Section 2 - GCE - Instance Groups and Load Balancing

Instance Groups

Two Types of Instance Groups:

Managed : Identical VMs created using an instance template: - Features: Auto scaling, auto healing and managed releases. - All instances must be same machine type.

Unmanaged : Different configuration for VMs in same group: - Does NOT offer auto scaling, auto healing & other services. - NOT Recommended unless you need different kinds of VMs.

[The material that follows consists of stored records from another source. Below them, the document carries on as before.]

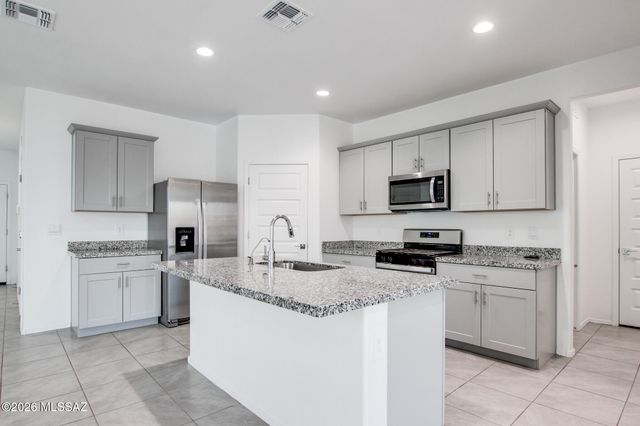 12161 E Ava Lynn Drive, Vail, AZ 85641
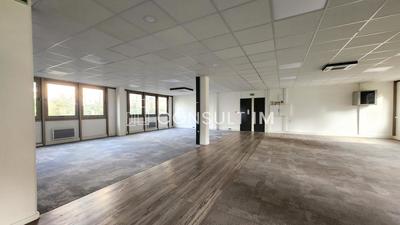 Bureau - 273 m²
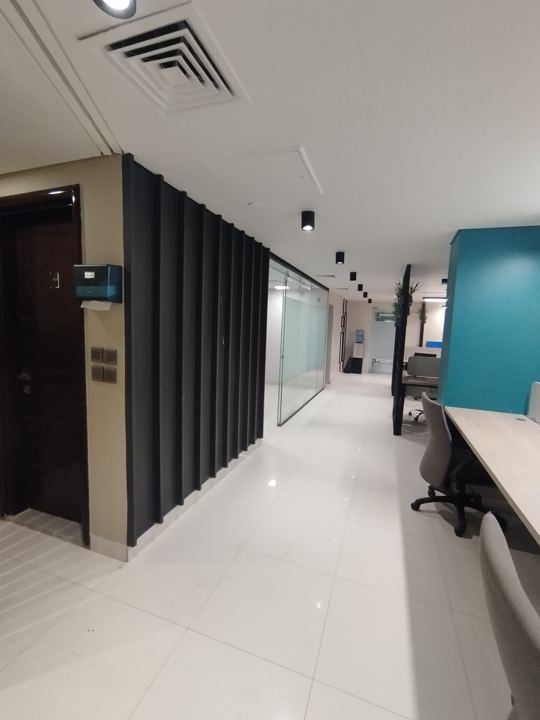 Open Plan IT Office photo 2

Can be in a single Zone or over a Region.

Managed Instance Groups

  • Maintain certain number of instances (If an instance crashes, MIG launches another instance).
  • Detect application failures using health checks (Self Healing).
  • Increase and decrease instances based on load (Auto Scaling).
  • Add Load Balancer to distribute load.
  • Create instances in multiple zones (regional MIGs).
  • Regional MIGs provide higher availability compared to zonal MIGs.
  • Release new application versions without downtime.
  • Rolling updates: Release new version step by step (gradually). Update a percentage of instances to the new version at a time.
  • Canary Deployment: Test new version with a group of instances before. releasing it across all instances.

Auto Scaling

Can configure:

  • Minimum number of instances.
  • Maximum number of instances.
  • Autoscaling metrics:
  • CPU Utilization target or Load Balancer Utilization target or Any other metric from Stack Driver.
  • Cool-down period: How long to wait before looking at auto scaling metrics again? (to prevent frequent scaling up / down).
  • Scale In Controls: Prevent a sudden drop in no of VM instances (Example: Don't scale in by more than 10% or 3 instances in 5 minutes).

Rolling Updates

  • Replace instance template with a new template.
  • Can replace instances (create new, delete old).
  • Can restart instances (so instance will be temporarily unavailable).
  • Can use canary testing (test 'n' instances and if good update all).
  • Maximum surge: How many instances are added at any point in time? (how many temporary additional instances above the current number).
  • Maximum unavailable: How many instances can be offline during the update? (set this to 0 for no reduction in capacity - therefore new instances added before current instances removed).

Cloud Load Balancing

Distributes user traffic across instances of an application in single region or multiple regions.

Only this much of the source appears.